Wednesday, April 4, 2012

Almost...


“Almost” is a trick word. We use it when we don’t want to say no and can’t say yes. “Are you ready?” “Almost.” The true answer is a black or white, yes or no. We either are or we are not ready. Almost is a grey.

Under most circumstances we are comfortable to take much of our lives into the grey. It keeps us from being definitive, from choosing sides, from admitting we haven’t completed the task. Instead of asking how much longer, our kids ask “Are we there yet?” Since we are still traveling the answer is obvious, but we still say “Almost.”

We don’t want answers that state the obvious. We don’t want rigidity, we want things to remain fluid. We want to believe there’s something more, something else. A snapshot of a moment does not capture all that’s going on. It freezes time, which doesn’t really happen, and leads us to believe this picture is all there was. A picture doesn’t show preparation or progress or response. It only shows what the camera saw in one split second. We know there is more to the moment than a split second.

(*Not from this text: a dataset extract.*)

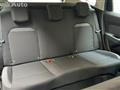 DACIA DUSTER 1.0 TCe 100 CV ECO-G 4x2 Essential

So why do we have such a hard time waiting on God?
Oswald Chambers taught of the “Great Not Yet.” The grey area of God’s involvement—the hope within which we face the next few minutes, hours, days or even years. It is the time from which our prayer meets with God’s response. It is our “almost.”

If God has not accomplished what concerns you, your response should not be yes or no but “almost.” Because faithful is He to do it…to complete the good work He has begun in you.

Tuesday, April 3, 2012

Living in the Meantime


I am concerned that modern Christians don’t live with anticipation nor expectation that God will bring about change. Like those who told Peter that believing Jesus would return was unrealistic because things had continued like they had since He left and there was no evidence things would be any different.

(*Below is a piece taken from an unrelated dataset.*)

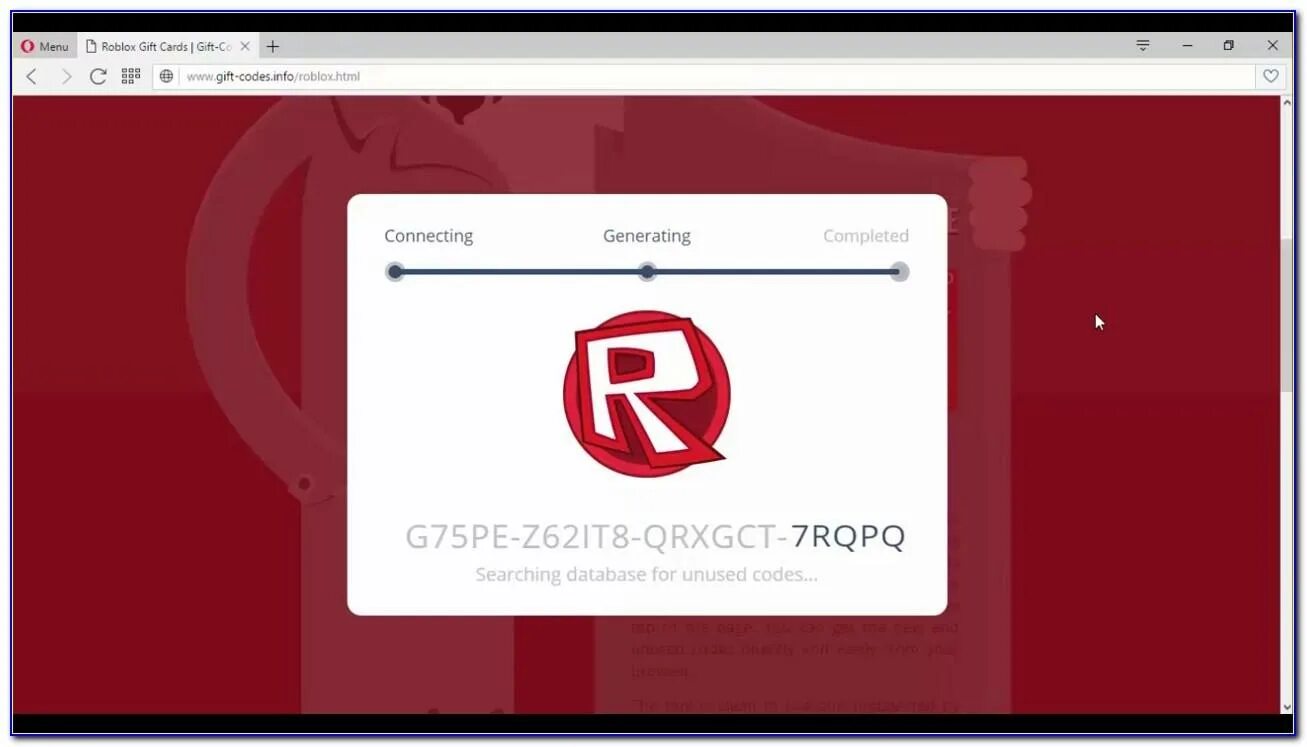 Получить карту роблокс. Roblox карта. roblox gift card. подарочная карта роблокс. gift card codes в роблокс.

Awaking each morning to the same conditions you went to bed with, after a while, makes you lose hope it will ever be any different.

But God is not affected by those conditions. He is able to make all things new, to do exceedingly abundantly beyond what we expect, to turn our mourning into laughter.

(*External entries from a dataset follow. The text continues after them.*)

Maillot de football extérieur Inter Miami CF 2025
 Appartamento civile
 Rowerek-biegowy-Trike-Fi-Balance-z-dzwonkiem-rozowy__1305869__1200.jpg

When He does that is immaterial. That He does that is our promise of a new day. Hope is designed to cover the distance from our cry to God’s provision. It helps us live in the meantime.

Today, I choose to live in hope, knowing God is faithful and the provision is on the way!

Monday, April 2, 2012

Don't say change is impossible!


When Sennacherib, King of Assyria, was taunting Judah, he used the oldest fear tactic out there—look at the circumstances. He used actual footage of real life accounts of what he had been able to do to other nations and imposed past history on Judah’s present situation. That’s easy to do. It makes sense. How it’s been is typically how it’s going to be.

He told them how foolish it was to trust in their God since the gods of all the other nations had not been able to stop him from conquering of their lands. And with that being the appearance of what had happened, it would have been easy for them to agree and give up.

However…setting aside the fact that there are no “gods” to help the other nations, our God had not had the final say. Just because someone boasts of his success doesn’t mean he’ll win the next battle. And though Satan has triumphed in the past, doesn’t mean he’s on a role to victory. He’s still defeated even though he operates as though he doesn’t know it.

I saw stuff in Haiti that I felt could never be changed. I saw people living in disgusting circumstances with no hope of getting out. I saw a cycle of despair so well-fixed that it should continue on indefinitely. But I also saw a God who is infinite in His power to make changes.

I also see that same God here with the same capabilities to make changes even though things have been going this way for quite a long time.

When God is trusted, change happens.